TASK TO COMPLETE:
With the pictures left out, restate exactly the part below that opens with the line containing "N-a Kefirko Pink" and closes with the line containing "Irimo Wagen 26´´ 7 Mit Schubladen".

STUDY MATERIAL:
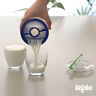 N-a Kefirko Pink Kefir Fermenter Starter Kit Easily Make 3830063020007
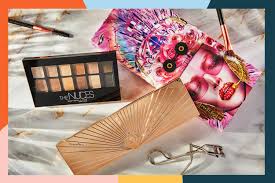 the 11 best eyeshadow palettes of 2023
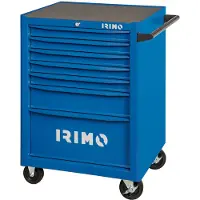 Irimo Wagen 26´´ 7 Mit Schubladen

* * *

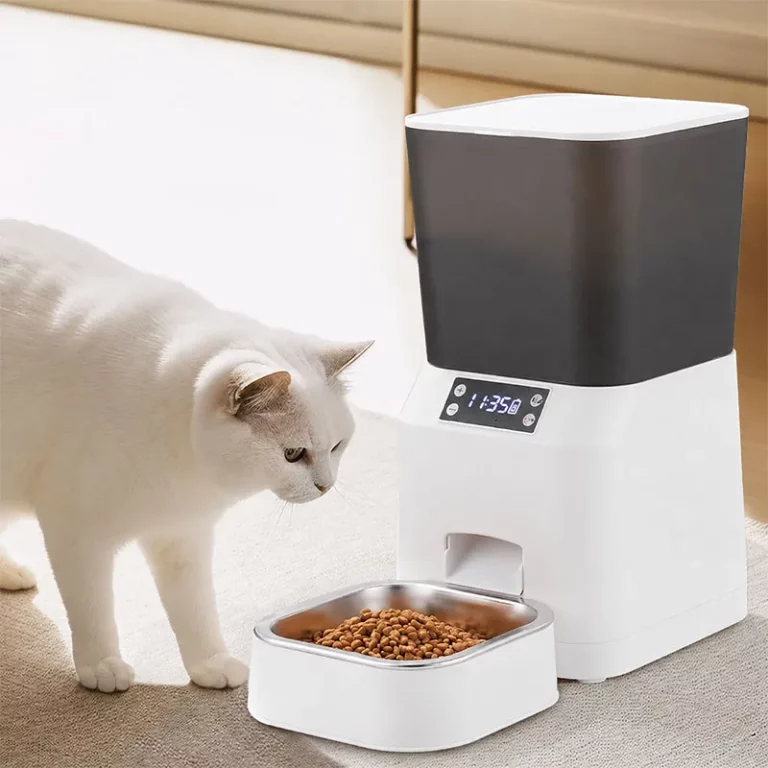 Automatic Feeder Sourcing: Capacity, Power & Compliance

---

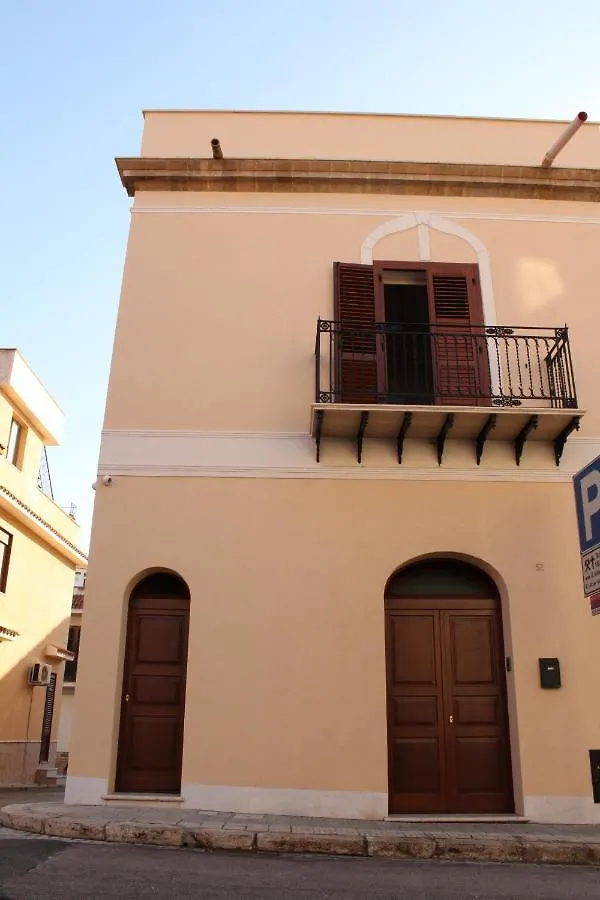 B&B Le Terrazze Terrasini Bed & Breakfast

EXERCISE SOLUTION:
 N-a Kefirko Pink Kefir Fermenter Starter Kit Easily Make 3830063020007
 the 11 best eyeshadow palettes of 2023
 Irimo Wagen 26´´ 7 Mit Schubladen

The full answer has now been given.